RekomBeli : Product Recommendation on e-Commerce “KlikBeli”
Case Description
2023 is an exciting year for the company “KlikBeli”, an in-demand e-commerce platform. With great passion, “KlikBeli” is committed to providing customers with quality products. Over time, “KlikBeli” realized that there were significant challenges in sharing effective product promotions to increase the number of purchases. “KlikBeli” faced several challenges, namely the lack of a deep understanding of customer preferences and purchasing behavior. This makes it difficult for the company to determine the most attractive offers for each customer individually. In addition, “KlikBeli” struggles to manage and analyze large and complex customer data so the company does not have an efficient way to deliver promotions to customers. As a result, customers do not respond well to the promotions that have been carried out. Many customers are not interested or feel that the promotion is not relevant to them.
The Problem
The low sales conversion is due to the small number of customers who make purchases after receiving promotions. “KlikBeli” lacks the ability to analyze large customer data so that promotions are not relevant and targeted to each customer individually. As a result, the promotions do not respond to customers.
The Impact of Problem
Decrease in revenue, loss of customers, and inefficient promotional spending.
The Objective of Problem
- Earn more revenue by increasing the number of customers who make purchases after receiving promotions.
- Increase customer response to relevant and attractive product promotions.
- Reduce the cost of promotions that do not deliver the desired results by directing them to more appropriate target customers.
Expected Outcomes
- Increased the number of customers making purchases by 45%.
- Increase customer response to product promotions by 30%.
- Reduce promotion costs by 15%.
The Stakeholder
- Customer, a “KlikBeli” customer is a person or individual either from an organization, group, or agency who uses the “KlikBeli” platform to purchase products. Customer satisfaction is an important factor in the success of “KlikBeli”.
- Marketing team, “KlikBeli” marketing team is responsible for designing and implementing promotional marketing campaigns, developing promotional strategies, and understanding customer preferences.
- Management team, the “KlikBeli” management team is responsible for strategy and decision-making related to the “KlikBeli” platform.
- IT and development team, the IT and development team of “KlikBeli” conducts the development, testing, and maintenance of the system on the “KlikBeli” platform.
- Partners and suppliers, partners and suppliers who cooperate with “KlikBeli” in providing products and services.
- Investors, “KlikBeli” investors are parties who have an investment or financial interest in the “KlikBeli” company.
Objectives of Each Stakeholder
- The customer’s objective is to get relevant promotions and special offers, obtain quality products, get easy and convenient access in using the “KlikBeli” platform.
- Marketing team’s objective is to enhance “KlikBeli” strong brand image and good reputation in the market through promotion/advertising, attract new customers and encourage existing customers to make further purchases, optimize ROI (Return on Investment) of promotional campaigns.
- The management team’s objective is to achieve sustainable business growth and higher profits.
- The IT and development team’s objective is to improve the functionality and performance of the platform, develop and maintain a platform that is used by customers easily and add attractive features.
- Partner and supplier objectives are to maintain a mutually beneficial working relationship with “KlikBeli”, provide quality products, and increase sales through the “KlikBeli” platform.

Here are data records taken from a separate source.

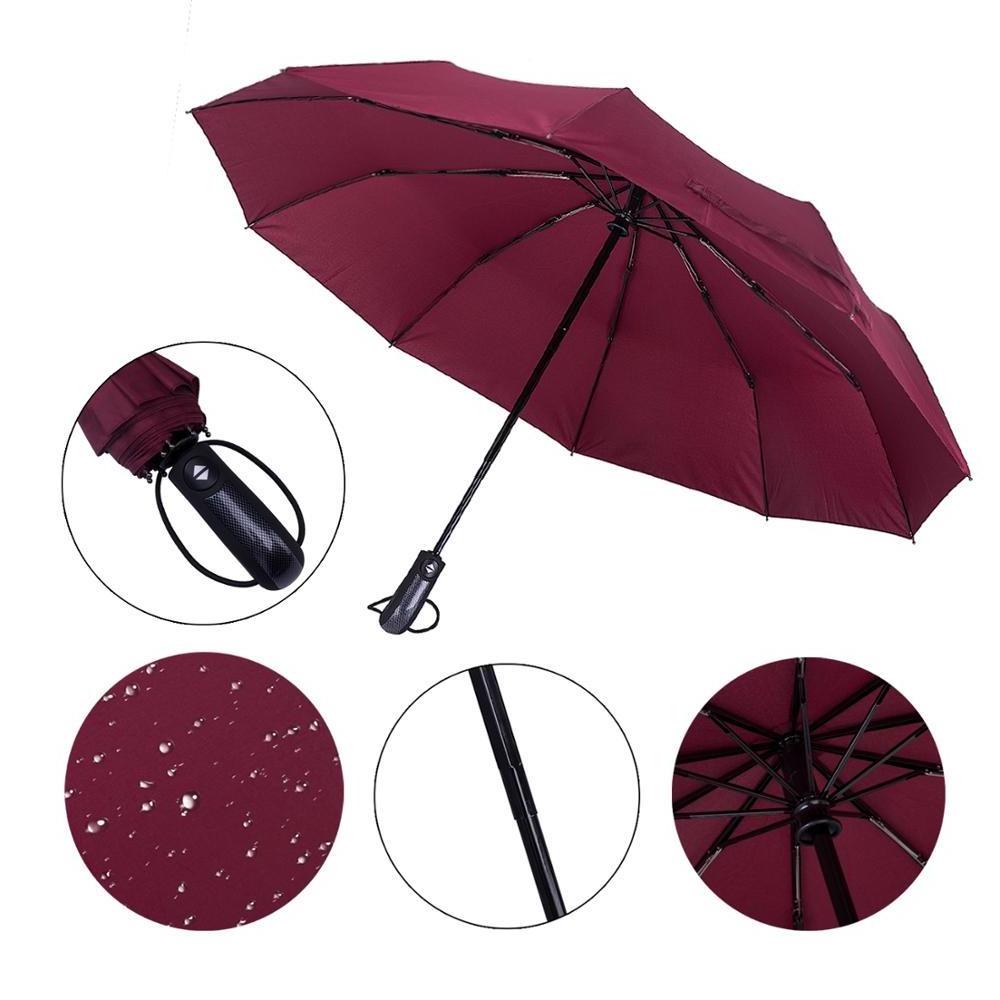 Ok Umbrella Hot Selling 3folding Umbrella 23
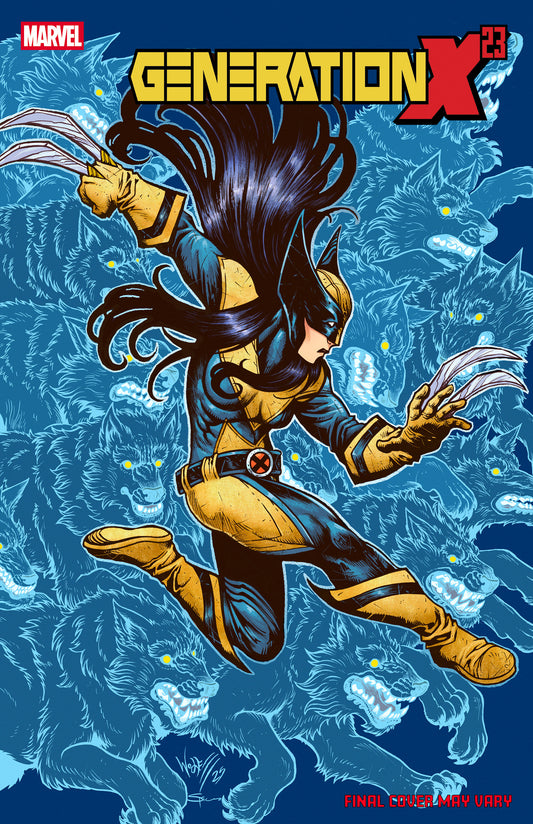 GENERATION X-23 #2 MARIA WOLF X-23 VARIANT ISBN: 75960621449500241 - FOC DATE: 2/23/26  - Release Date: 3/25/26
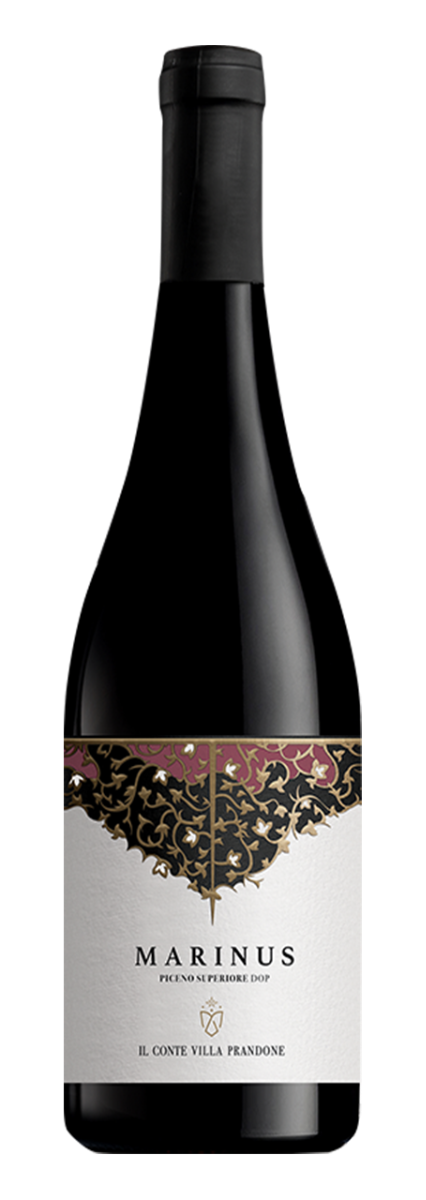 Il Conte Villa Prandone Rosso Piceno Superiore DOP Marinus 2021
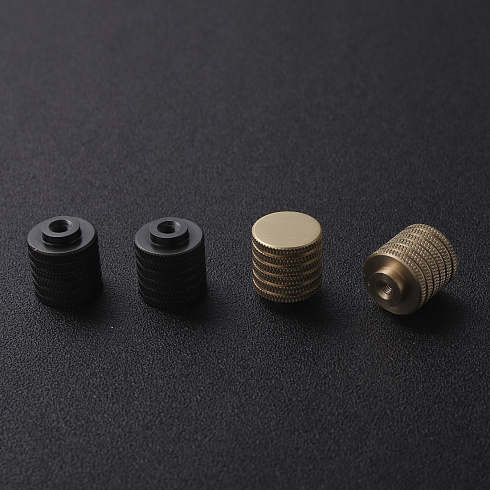 Ручка-кнопка Delight Collection HK001 black HK001
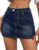 ZELROXA Denim Jean Mini Skirt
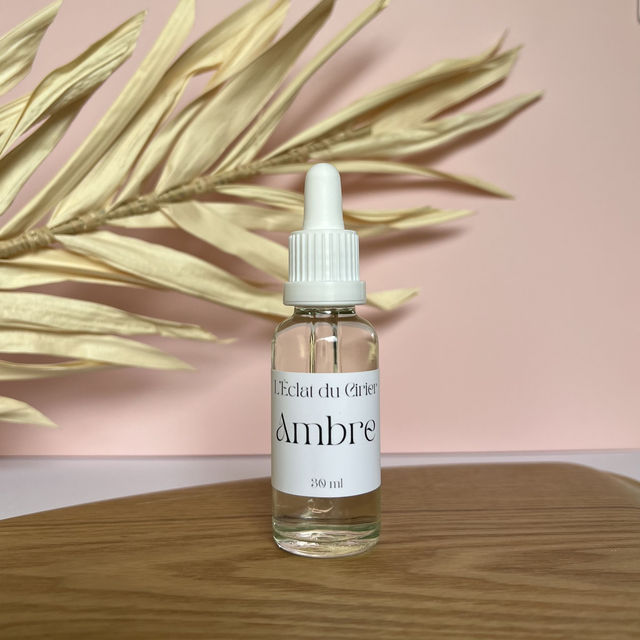 Ambre - Recharge diffuseur pour voiture 30ml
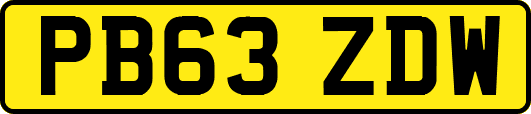 PB63ZDW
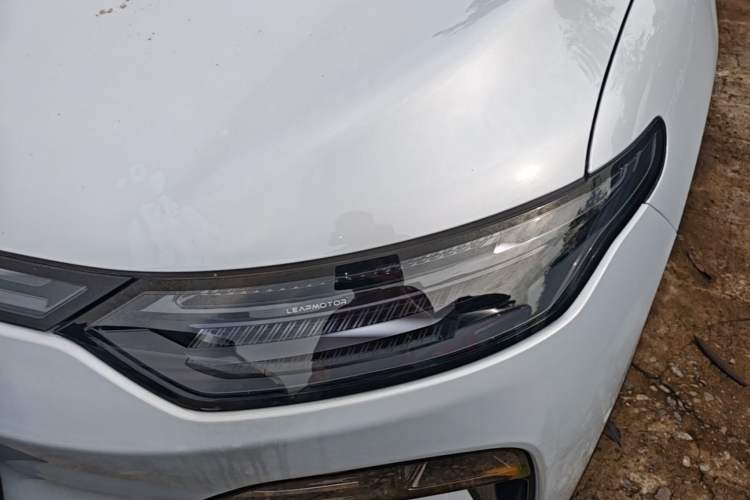 Used Leapmotor C11 2026 All-Electric 640 LiDAR Prestige Edition Left Front Headlight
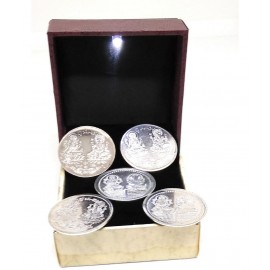 COIN - Silverplated Coins ( Pack of 1 )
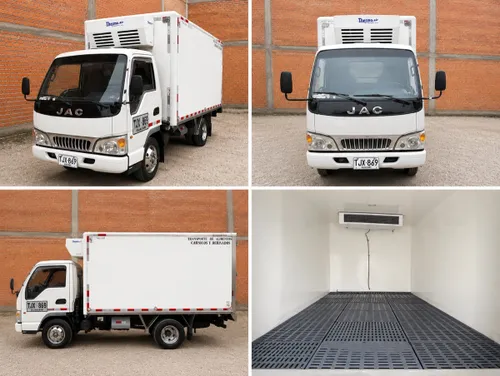 JAC 1040 REFRIGERADO 2015  2.8 TONELADAS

- The investor’s objective is to see the growth and value of the company, get a profit from investing in the company “KlikBeli”.
Limitation of Related Issues
Some of the data limitations are :
- Customer data limitations including privacy and data protection policies must be followed by the company “KlikBeli” in collecting, using, and storing customer data. Customer data includes personal information such as name, address, phone number, email address, and purchase history.
- The limitation of promotional data relates to the sustainability of promotions. The available promotion budget and promotion policy must be followed by “KlikBeli” in terms of using customer data for promotional purposes. Promotional data includes information such as the type of promotion, promotion period, type of products offered, and promotional methods used.
- The limitation of analytical data is related to the ability of “KlikBeli” company in collecting, processing, analyzing data and the availability of resources and technology for complex data analysis. Analytical data includes data obtained from customer analysis and purchase trends.
Then there are some inventory limitations :
- Inventory limitations are related to the variety of products available. If the company has limitations in the variety of products offered, for example, limited product categories or brand variations, the promotions will be limited to the products available, so it may be difficult to target customers with different preferences.
- Inventory limitations relate to the amount of product inventory available in a company’s warehouse or distribution center. If the company has a limited amount of stock, especially for the most in-demand or popular products then it can be a limitation in meeting customer demand or providing offers through promotions.
- Inventory limitations are related to changes in market trends. If a company cannot predict changes in trends or anticipate seasonal demand with sufficient inventory then there can be an imbalance between promotions conducted and the availability of relevant products.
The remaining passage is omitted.